- The Washington Times - Tuesday, March 1, 2016

The District’s resident advocate in government on Tuesday denounced a revised deal to merge Pepco and Exelon, saying the new agreement steals benefits that should be go to ratepayers.

D.C. People’s Counsel Sandra Mattavous-Frye said the new deal “eviscerates” benefits to the public by removing a provision that would have taken $25.6 million to offset rate increases through March 2019.

Ms. Mattavous-Frye said that part of the agreement was “the single most critical provision I supported.”

The Office of the People’s Counsel “has consistently focused throughout this long proceeding on ensuring that any outcome is in the best interest of ratepayers, and that the merger’s claimed benefits will be meaningful and verifiable, particularly for our most vulnerable residential ratepayers for whom electric bills consume a whopping and disproportionate percentage of their income,” Ms. Mattavous-Frye said in a statement.

On Friday, the D.C. Public Service Commission (PSC) struck down the $6.8 billion merger of the city’s electricity supplier with Exelon, a power-generating giant based in Chicago.

But PSC Commissioner Joanne Doddy Fort proposed changes that, if agreed to by both companies and city officials, would allow the deal to proceed. That measure passed in a 2-1 vote.

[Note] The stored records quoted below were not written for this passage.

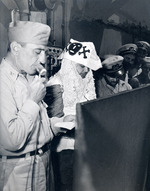 Captain Thomas L Sprague of the USS Intrepid offering remarks of welcome to he Ruler of the Raging Main, Neptunus Rex, and his escort just before for the Line Crossing ceremonies, 22 Jan 1944.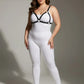 Plus-size black faux-leather O-ring bra harness by HarnessClub worn over a white bodysuit.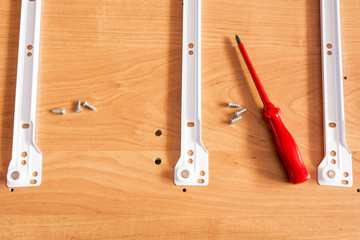 Red screwdriver lying on a wooden board. Screwing of furniture parts. Home assembling furniture.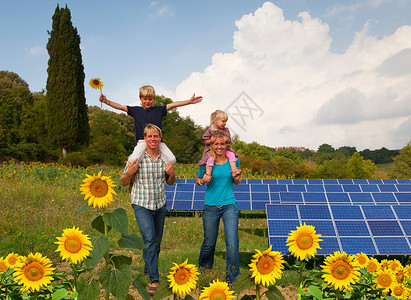 在太阳能电池板傍边的一家人高清图片
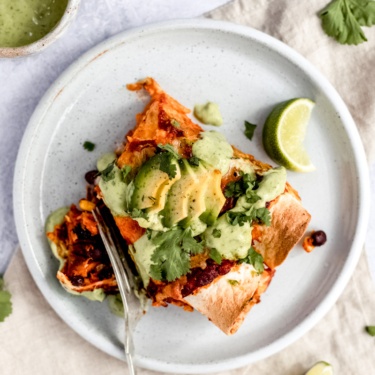 vegetarian sweet potato black bean enchiladas on a plate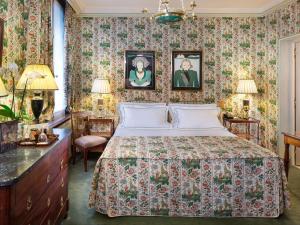 a bedroom with a bed and floral wallpaper at Hôtel Duc De St-Simon in Paris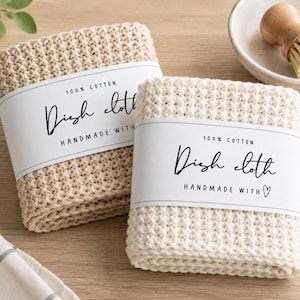 May include: Two folded beige dish cloths with a waffle-knit texture, each wrapped in a white paper band labeled 100% COTTON Dish cloth HANDMADE WITH a heart symbol. The cloths are made of cotton and feature a consistent grid-like pattern.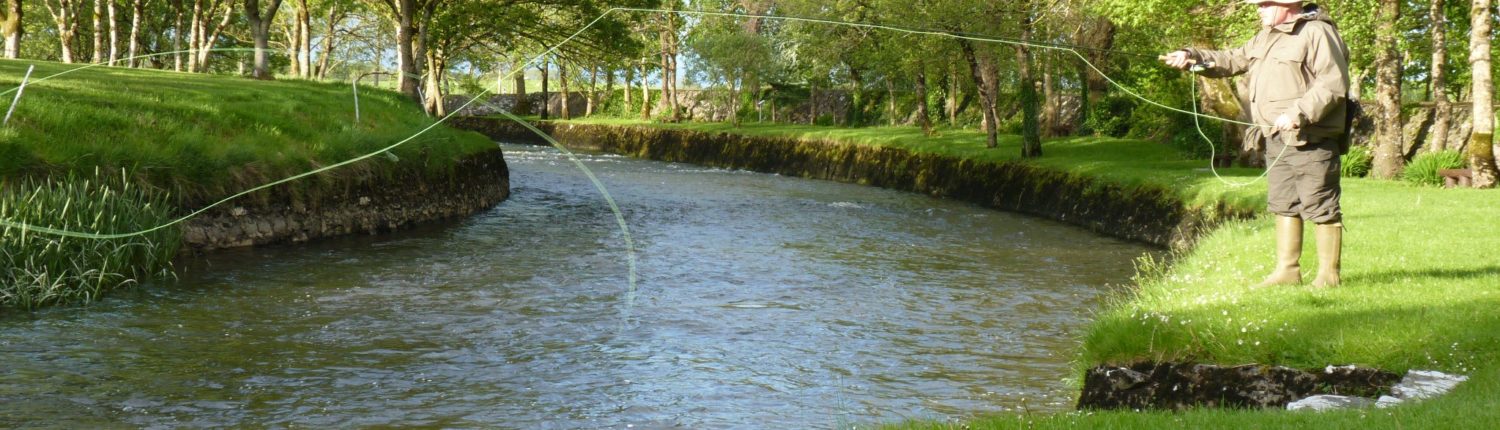 A fisherman Fly Fishing for trout on the River Clare at Milltown Co. Galway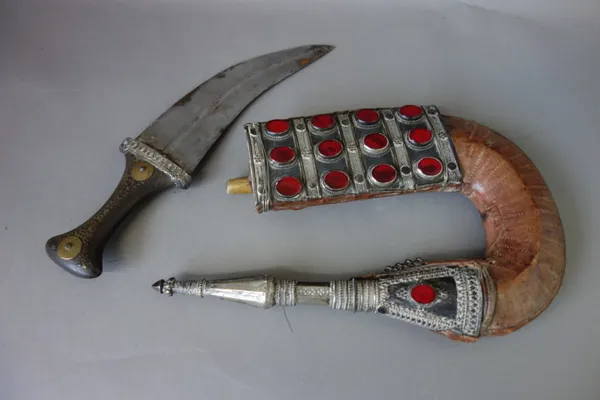 Two Middle Eastern jambia, two Burmese shan knives, and a small ivory bound Sumatran kris, 24cm long, (5).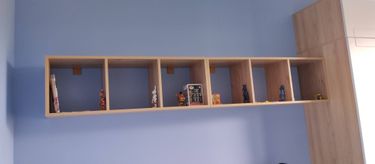 Установлена деревянная конструкция на стене, закреплена крепежами. Полка ровно размещена, выдерживает вес предметов. Эстетично дополнена фигурками и коробками, гармонично вписывается в интерьер.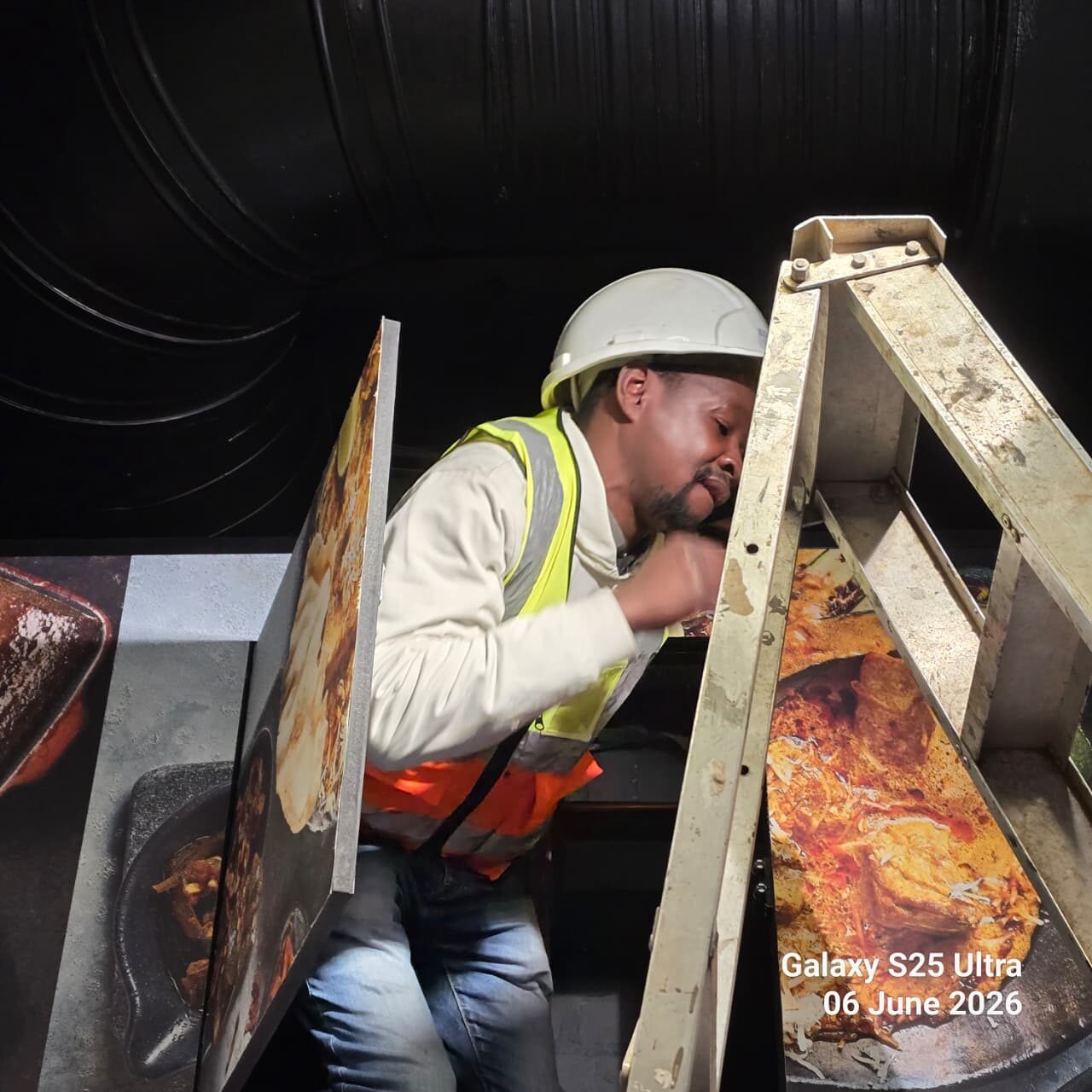 Technician inspecting equipment inside a dark plant room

One of those changes was to reject $25.6 million that the companies would have paid to the city to keep residents’ rates down. The fund would have been used to pay for workforce training and alternative energy projects. The majority of the commissioners said the provision would have forced businesses and the federal government to subsidize lower rates for residents.

“Going forward, we will need to work cooperatively to ensure that all consumers in all 8 wards of our city are guaranteed affordable rates and reliable service, and that once the fanfare dies down, our most vulnerable residents are not forgotten,” Ms. Mattavous-Frye said.